Export of .ics files is currently supported for the following pages:

  • Timetable page
    • Academics > Time Table
  • Assignment Upload page
    • Academics > Digital Assignment Upload
  • Exam Schedule page
    • Examination > Exam Schedule

In the 'Timetable page', when the export menu item is clicked, the course and time table details on that page are parsed and then the page automatically navigates to the 'Academics Calendar' page, populates the correct Semester, Class Group and iterates through all the months of that semester to generate the .ics file.

Navigation to the 'Academics Calendar' page is through the click of the following anchor tag:

<a data-url='academics/common/CalendarPreview' ... href='javascript:void(0);'>

Clicking on this link programatically in the 'Content Script' performs the navigation, but also throws an error:

document.querySelector('a[data-url="academics/common/CalendarPreview"]').click();
Refused to run the JavaScript URL because it violates the following Content Security Policy directive: ...

This turns out to be due to the inline href code in the anchor tag, which is doing nothing here, but still causes a problem. Apparently, this is not a problem for other tags like span, button, etc. Only the workaround suggested here resolved the problem. In addition to being able to navigate to a different section, we also need to know when that navigation is complete and the page is ready so that we can perform the next action. Since the dynamic requests here are all ajax requests, the above hack was combined with the ajaxStop method described here as follows:

const clickAndCallback = `
    $(document).ajaxStop(function () {
        $(this).unbind('ajaxStop');
        window.dispatchEvent(new CustomEvent('reset'));
    });
    this.click();
    this.removeAttribute('onreset');
`;
function callbackFunction() {
    // called after the element is clicked
    // and the corresponding ajax request is completed
    ...
}
window.onreset = callbackFunction;
element.setAttribute('onreset', clickAndCallback);
element.dispatchEvent(new CustomEvent('reset'));

The Content Scripts documentation suggests that communication with the embedding page be through the shared DOM and message passing. The above code achieves the same as it does the following:

  • Registers a callback function on the window's reset event
  • Sets the onreset attribute of the element with code that can execute in the embedding page
    • The code registers for ajaxStop, which gets called when all ajax requests are completed and dispatches the reset event on the main window, which calls the main window's onreset event handler, which is the callback function configured
    • The code also performs the click of that element and removes the onreset atttribute that was temporarily added
  • Dispatches the reset event on the element that triggers the click and the eventual callback when all ajax requests are completed

This same method is used to populate the relevant 'Semsester', wait for the ajax request to complete, populate the 'Class Group', wait for that ajax request to complete, click through each of the months of the academic calendar and parsing the displayed calendar table after each request is complete untill all academic calendar months are parsed to put together the final .ics file.
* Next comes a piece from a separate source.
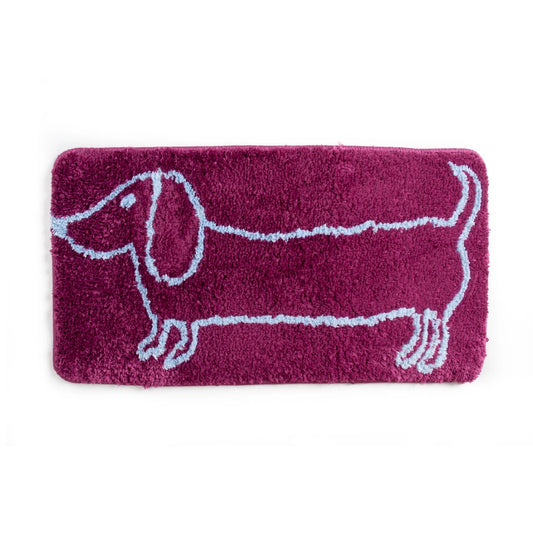 Tapis de bain - Teckel violet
The same approach outlined above is followed in the 'Assignment Upload' page, where each of the course dashboards have to be clicked through to display and then parse the assignment schedules.

The 'Exam Schedule' page has no such navigation and is a direct parsing of a single displayed table.

Note: Parsing raw data from HTML tables is always error-prone and is bound to break with any underlying page changes in the future.